Mint reported in May that Investcorp was buying the private equity (PE) and real estate lending businesses of IDFC Alternatives Ltd. The sale is part of the restructuring of the IDFC Group, which also saw the sale of the infrastructure investment arm of IDFC Alternatives to US-based infrastructure investor Global Infrastructure Partners.
Investcorp expects to receive regulatory clearances for the deal by early 2019.
“The platform (IDFC) has deep-rooted experience around private equity and real estate. Within PE in particular, they have got capability around high growth consumption sectors, which we like a lot. And within real estate, they have done well on real estate backed lending. So, our first order of business is going to be to back those two groups in the areas where they have already demonstrated core competence and once we have optimized those, then we will get into adjacencies," Rishi Kapoor, co-chief executive officer, Investcorp told Mint on the sidelines of a business roadshow organized by the Bahrain Economic Development Board.
Investcorp currently manages around $22.5 billion of assets across asset classes such as private equity, real estate, special situations and credit. It has offices in New York, London, Bahrain, Abu Dhabi, Doha, Riyadh and Singapore.
Kapoor added that the firm will also look to start a corporate credit business in India eventually as he feels that is an adjacent line of business.
“The adjacencies are probably around corporate credit. They know how to evaluate corporates and they know credit through their real estate lending practice. So you bring the two together, particularly, given the huge demand supply gap in India. Being able to bridge that gap and being a sophisticated provider of credit, we think is the next natural adjacency for us," he said.
For Investcorp, entering the India market is part of its future strategic plan, wherein the alternate assets manager is looking to more than double its assets under management (AUM) to $50 billion.

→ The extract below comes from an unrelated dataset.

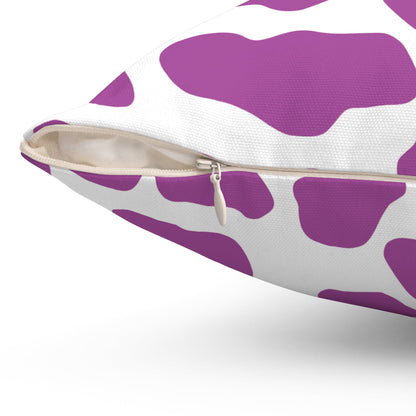 Cow print Purple Square Throw pillow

“When we went through our strategy refresh around three years ago, we concluded that the three pillars of growth for Investcorp over the next 25 years will be—opening up new markets, broadening our footprint across the investor community globally and broadening our product menu," said Kapoor.
A key conclusion of the strategy review was that both India and China were markets that were not just attractive but both were markets where you needed local expertise, local connectivity and local experience, said Kapoor.

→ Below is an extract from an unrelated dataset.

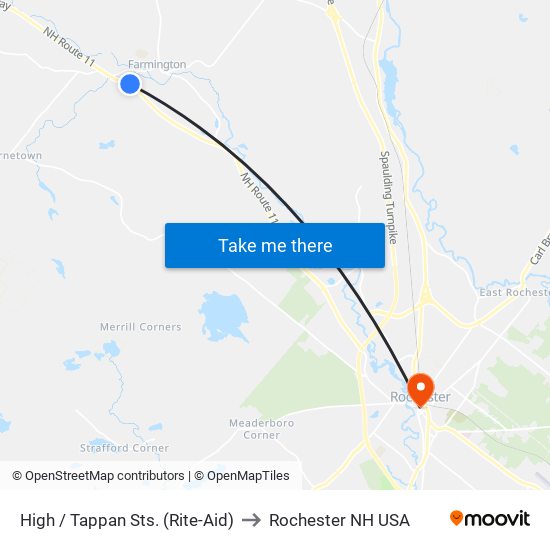 High / Tappan Sts. (Rite-Aid) to Rochester NH USA map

“We felt that to enter India the optimum route would be to find a platform that had the experience, performance track record, the network and connectivity, understanding of the local market. Three years ago when we wanted to start our credit business, we had acquired the credit business of 3i Group to enter the credit business as there also we had concluded that building the business from scratch is difficult," said Kapoor.
Investcorp’s assets under management (AUM) is currently skewed towards investments in US and Europe, with the two geographies comprising around 90% of all investments. Asia currently comprises a mere 4% of its AUM.
The firm expects that going ahead, Asia, on the back of India and China, will grow to comprise around 10% of the firm’s AUM.
“We are just in the early stages of developing our Asian investment footprint. As we progress on our own journey and as we look to achieve our milestone of $50 billion AUM over the medium term horizon, we see Asia as an important part of that journey, both in terms of investment activity and as well as tapping into the asian investor universe," said Kapoor.
Similarly, the firm also expects to raise more capital from Asia based investors going ahead, he added.